7.2 Select the Best Performing Model

In [None]:
# Select the model with the lowest RMSE
best_model = min(rmse_values, key=rmse_values.get)
print(f"The best-performing model is: {best_model} with an RMSE of {rmse_values[best_model]:.4f}")

#### 8. Interpretation of Results:

##### Model Performance Evaluation
The model performance was assessed using Mean Squared Error (MSE) and Root Mean Squared Error (RMSE) both before and after hyperparameter tuning. The post-tuning results are as follows:

- **Random Forest:**  
  - MSE = **67.81**  
  - RMSE = **8.23**  

- **Support Vector Regression (SVR):**  
  - MSE = **85.17**  
  - RMSE = **9.23**  

- **Gradient Boosting:**  
  - MSE = **76.12**  
  - RMSE = **8.72**  

Among the three models, Random Forest performed the best, achieving the lowest RMSE (8.23), which suggests it had the most accurate predictions for crown closure. SVR had the highest error, indicating it struggled more with the dataset.

##### Model Performance vs. Expectations
The models performed reasonably well. An RMSE of 8-9 means that the predicted crown closure values deviate from the actual values by about 8-9 percentage points on average. Given the complexity of forest structure, this level of error seems acceptable.

##### Deployment Feasibility
Based on these results, Random Forest appears to be the most viable model for deployment.
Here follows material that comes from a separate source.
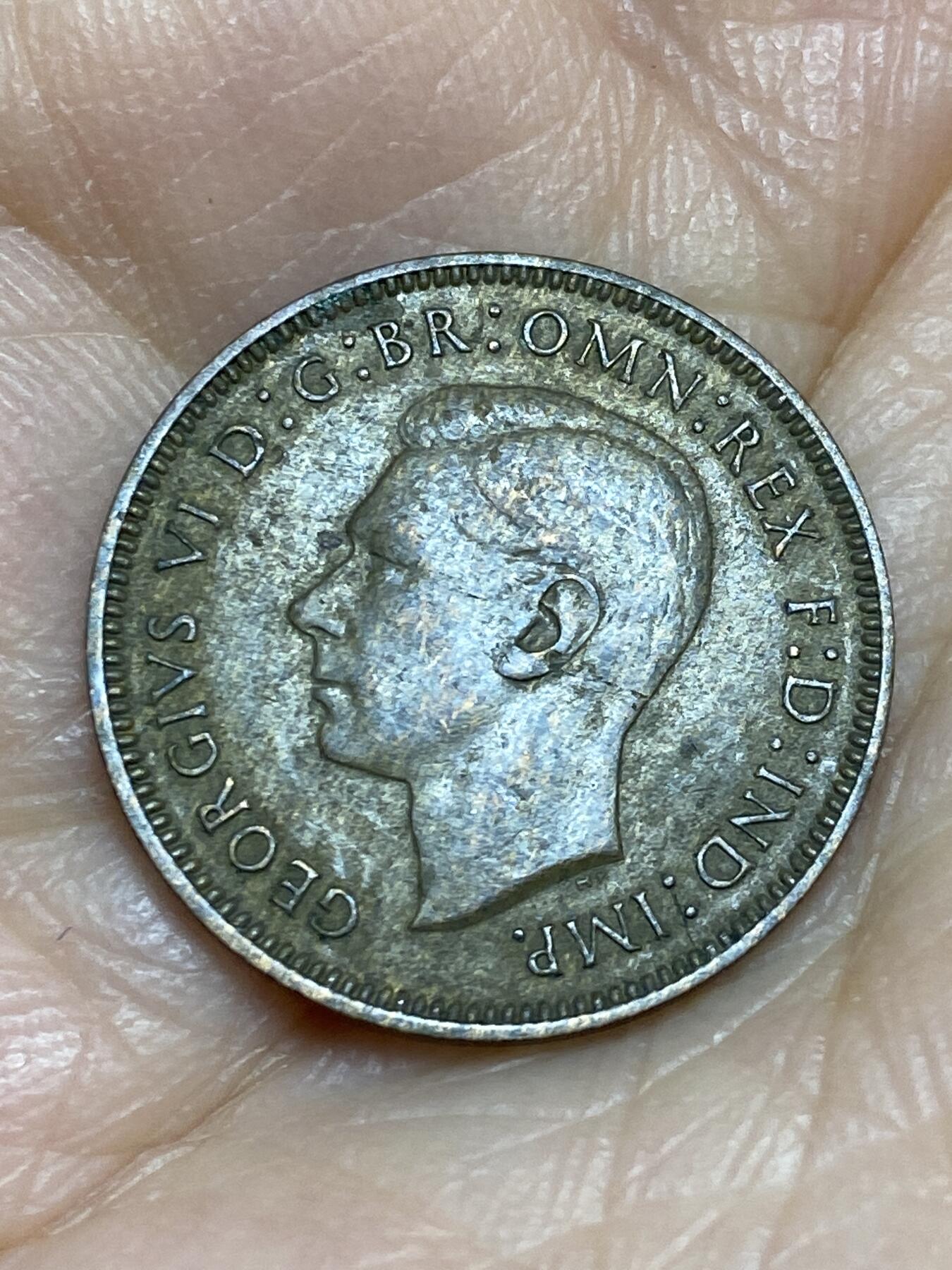 2025年第一百二十五场(总第一百五十一场）外国好品散币(免佣金) 英国🇬🇧1942年1法新(乔治六世第一版)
If crown closure predictions were being used for habitat modeling or forestry planning, further validation would be necessary.

##### Improvements for Better Performance
To improve model accuracy, the following steps could be taken:

- **Hyperparameter Fine-tuning:** Further optimization, especially for Gradient Boosting, might yield better results.  
- **Alternative Models:** Trying other models such as neural networks or ensemble stacking could enhance performance.  

##### Effect of Hyperparameter Tuning
MSE Results before and after tuning:

- **Random Forest:**  
  - Before tuning: MSE = **-68.29**  
  - After tuning: MSE = **67.81**  

- **Support Vector Regression (SVR):**  
  - Before tuning: MSE = **-111.12**  
  - After tuning: MSE = **85.17**  

- **Gradient Boosting:**  
  - Before tuning: MSE = **-90.09**  
  - After tuning: MSE = **76.12**  

**Summary:**
  - Hyperparameter tuning has successfully improved model performance, leading to better MSE values for all three models.
  - Random Forest was the best performer after tuning, followed by Gradient Boosting, and then SVR.